You wouldn’t want an employee to approve time cards (Approval) and also create paychecks for employees (Custody). Otherwise, an employee could add ten additional hours to his or her timecard fraudulently!
Here is the problem…
For most small businesses, having enough employees to design an effective segregation of duties is cost prohibitive. However, you can implement a few simple steps to make your business safer from fraud.
Step 1 – Attitude!
By far the biggest problem when it comes to fraud is attitude; the feeling that fraud could never happen to you. It only happens to someone else. From my experience, the worst frauds I’ve seen occurred because no one ever cared to look or ask a question. One of the main barriers to attitude is the feeling of guilt that employers have because they don’t want employees to feel an aura of distrust. The truth is, the implementation of financial controls protects the Company AND employees by mitigating the ability to commit fraud in the first place. Remember that 5% I discussed earlier? A healthier bottom line is better for the company and employees.
Step 2 – Review
Simply reviewing the accounting records with a skeptical eye and getting involved in the accounting enough to understand the numbers is a big step to mitigating fraud. Here are a few tips on items to review:
- Review your bank statements and bank reconciliations to look for bank transactions that you don’t recognize. On the bank reconciliations, look for odd items such as old outstanding checks that haven’t cleared the bank.
- Review your payroll reports and employee benefit invoices. Look for employee pay and time that is incorrect or even a fake employee! Review the health insurance invoice to look for unapproved benefits being paid such as family coverage added to an employee policy and paid unknown by the employer (I’ve seen this fraud before).

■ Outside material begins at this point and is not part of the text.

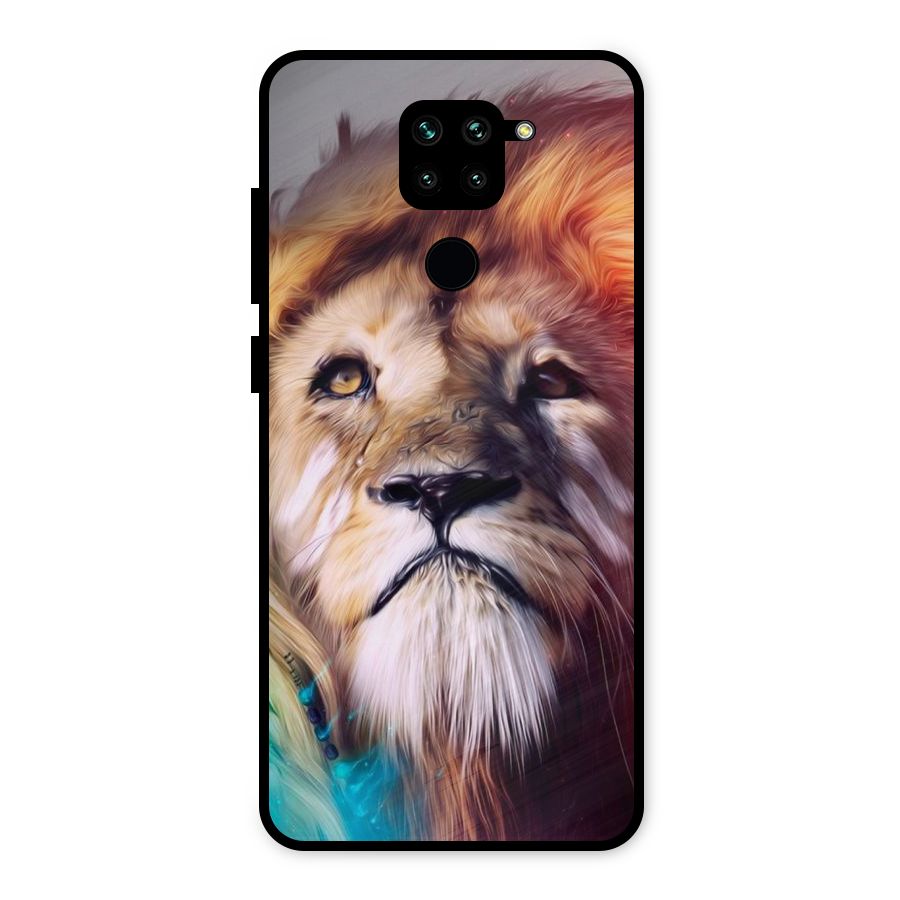 Royal Lion Metal Back Case for Redmi Note 9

- Review invoices to be paid side-by-side with the checks to be signed. Look for fake vendors that could have been set up by employees and look at the addresses where the service was provided. Are you paying for your own utility bill or your employees?
Step 3 – Consider hiring a professional
The right contracted bookkeeper or CPA can provide several benefits to help detect and prevent fraud. Having good financial statements and records is key. By reviewing well prepared financial statements, you can look at income and expense variances and ask questions. Understanding your financial statements and comparing them to other key factors in the business can help understand if fraud could be present. A CPA that has experience in audit and attestation can also work with you to review your financial controls and make customized suggestions for your business.
Fraud is big business for criminals. Don’t make it part of your business. Implement these simple steps today to safeguard your organization.